Now you can try to get $x-3$ somehow.
One way you can do that is to rewrite
$$x^3-12x + 9 = x^3 - (3^3 - 3^3) - 12(x - 3+3) + 9$$
$$ = x^3 - 27 + 27 - 12(x - 3) - 36 + 9 = x^3 - 27 - 12(x-3) + (9 -36 + 27)$$
$$ = (x-3)(x^2+3x+9) - 12(x-3) = (x-3)(x^2+3x-3) $$
Here we used the fact that $x^3 - a^3 = (x-a)(x^2 + ax + a^2)$
In general, if $r$ is a root of $f(x) = a_{n}x^n + a_{n-1}x^{n-1} + \dots + a_{0}$, then $f(x) - f(r) = f(x)$ gives us a way to factorize $f(x)$ as $(x-r)g(x)$.

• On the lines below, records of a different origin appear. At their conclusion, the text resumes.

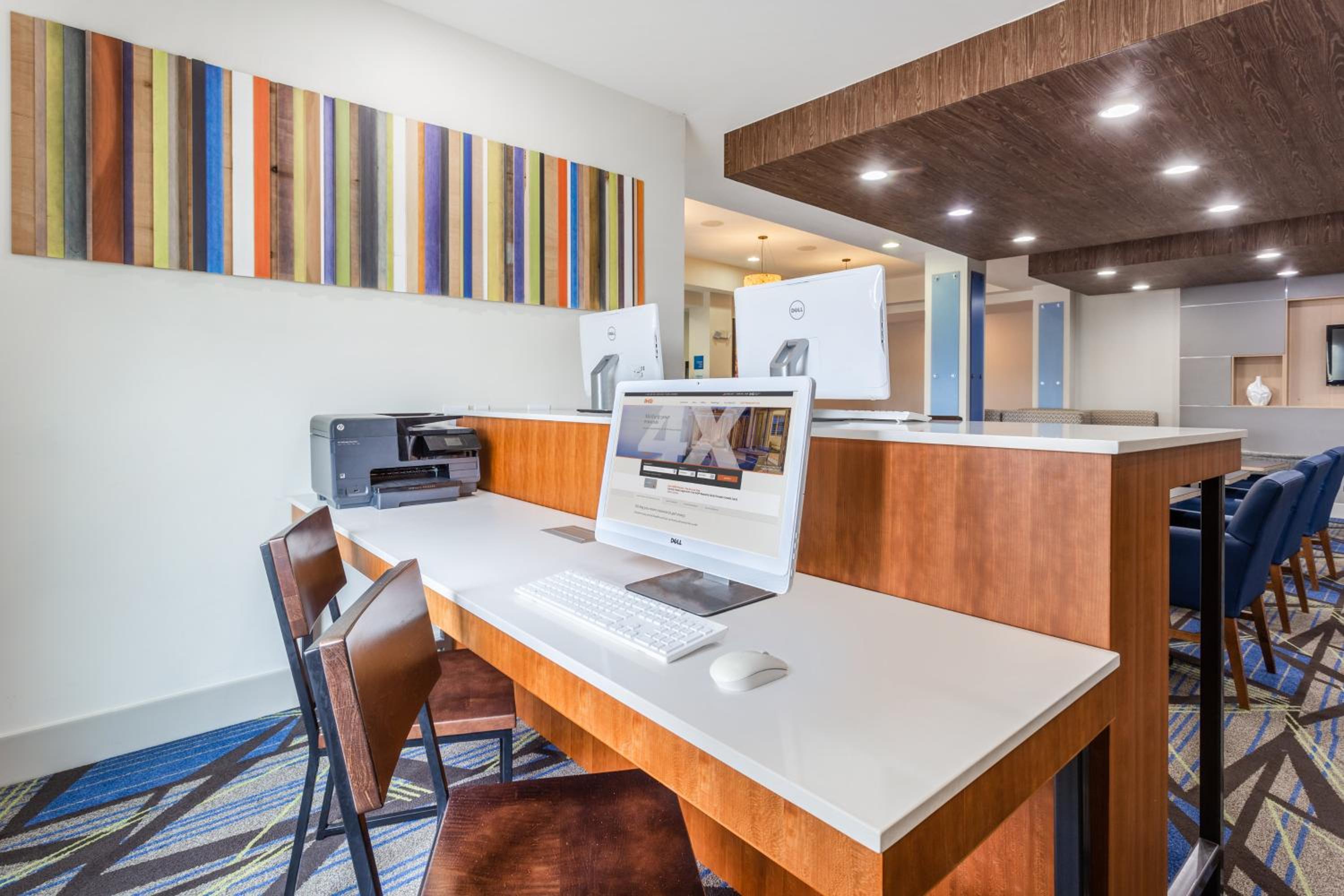 Holiday Inn Express - Albert Lea by IHG, Billede 38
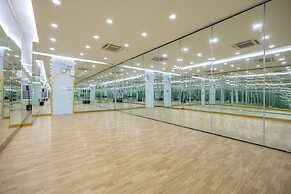 Bangkok Rama Hotel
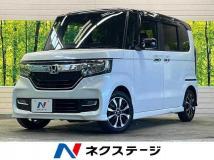 2019 Honda N BOX
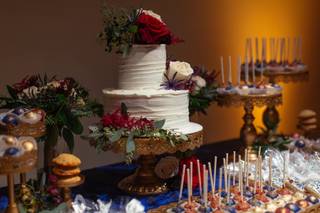 My Forever by Nikki Wedding Consulting - 38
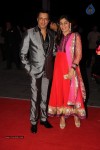 Shatrughan Sinha son Kush Sinha Wedding Reception 01 - 62 of 90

$$f(x) = a_{n}x^n + a_{n-1}x^{n-1} + \dots + a_{0} - (a_{n}r^{n} + a_{n-1}r^{n-1} + \dots +a_{0})$$
$$ = a_{n}(x^n - r^n) + a_{n-1}(x^{n-1} - r^{n-1}) + \dots + a_{1}(x-r)$$
Just like $x^3 - a^2 = (x-a)(x^2 + ax + a^2)$ we have that
$$x^n - r^n = (x-r)(x^{n-1} + rx^{n-1} + \dots + r^{n-1})$$
and so
$$f(x) = (x-r) (a_{n}(x^{n-1} + rx^{n-2} + \dots + r^{n-1}) + a_{n-1}(x^{n-2} + \dots +r^{n-1}) + \dots + a_1)$$
Once we know a root, we can also try using Polynomial Long Division to get the other factor.
For cubics, the roots can be found without the need to guess. Check this out: Cardano's Method.
Does that help?